On the other hand, just this past August, the Court of Appeals made it easier for potential candidates. In a case relating to Mayor Bill de Blasio’s candidacy for re-election on the Working Families Party line, he was able to run on that line despite the party having failed to follow the statutory nomination procedure. Morgan v. de Blasio, 29 N.Y.3d 559 (2017). Focusing on the fact that the complaining petitioner failed to name the WFP State Executive Board as a “necessary party” in his lawsuit, the court sidestepped the law on nominations and elevated a procedural deficiency in the lawsuit—resulting in the case against the mayor being dismissed. Ironically, a week earlier, in Marafito v. McDonough, 153 A.D.3d 1123 (3d Dep’t 2017), the Appellate Division, Third Department, took the opposite tack with a contrary result. In that case—a matter challenging a Rensselaer County Executive nomination by the Independence Party—the appellate court allowed the case to proceed even though the relevant party committee had not been named. The court found it was not necessary for the case to proceed. The party’s candidate was removed from the ballot.
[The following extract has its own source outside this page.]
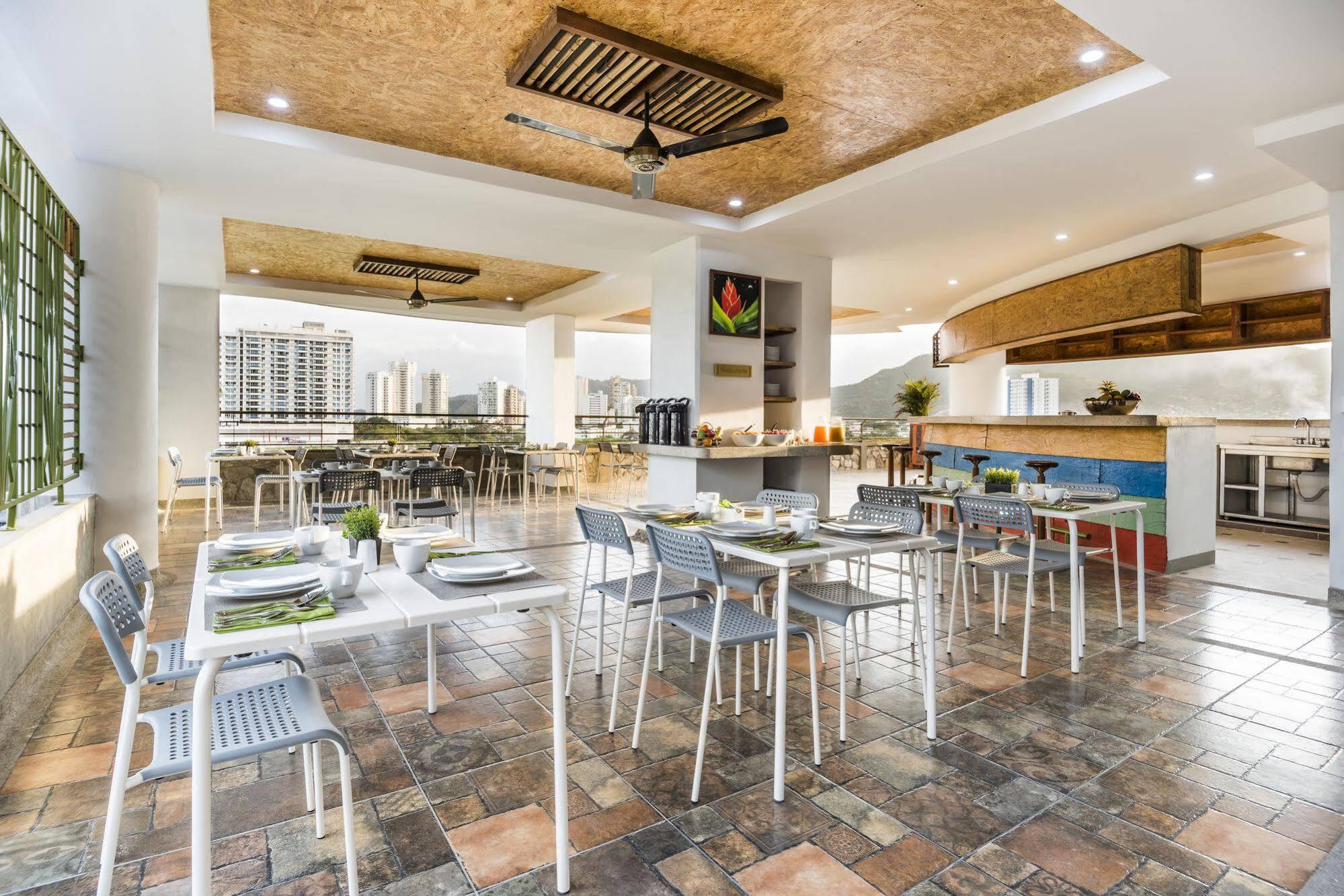 Terrazas Tayrona Travelers Apartamentos Y Suites 산타마르타 외부 사진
Aside from the de Blasio case, the court denied leave in all other cases this election season—letting stand several Appellate Division decisions that made it easier for candidates to run. For example, the First Department articulated a more relaxed approach when candidates challenge Board of Elections rulings that have invalidated their nominating petitions. Contrary to a previous Court of Appeals decision from 2013 that required an invalidated candidate to specify in his lawsuit each board ruling alleged to be erroneous, the appellate court in two companion cases this year held that an aggrieved candidate could present such challenges at the trial court’s first hearing date. Clark v. Ortega, 153 A.D.3d 443 (1st Dep’t) lv. to appeal den’d. 29 N.Y.3d 915 (2017); Campusano v. Ortega, 153 A.D.3d 443 (1st Dep’t), lv. to appeal den’d. 29 N.Y.3d 915 (2017). This seemingly minor extension of time is actually a welcome revision of the law because it allows a candidate more time to gather its evidence to get back on the ballot. Similarly, the Court of Appeals denied leave in a Second Department case where the candidate’s petition signers incorrectly identified their town address. Although they resided in the Town of Harrison, several signers misidentified the legal name of their town. No fraud was found, but the trial court struck these signatures—which resulted in the invalidation of the candidate’s petition. The Appellate Division reversed, reflecting a growing liberalization in ballot access cases. Giordano v. Westchester County Board of Elections, 153 A.D.3d 821 (2d Dep’t), lv. to appeal den’d. 29 N.Y.3d 915 (2017).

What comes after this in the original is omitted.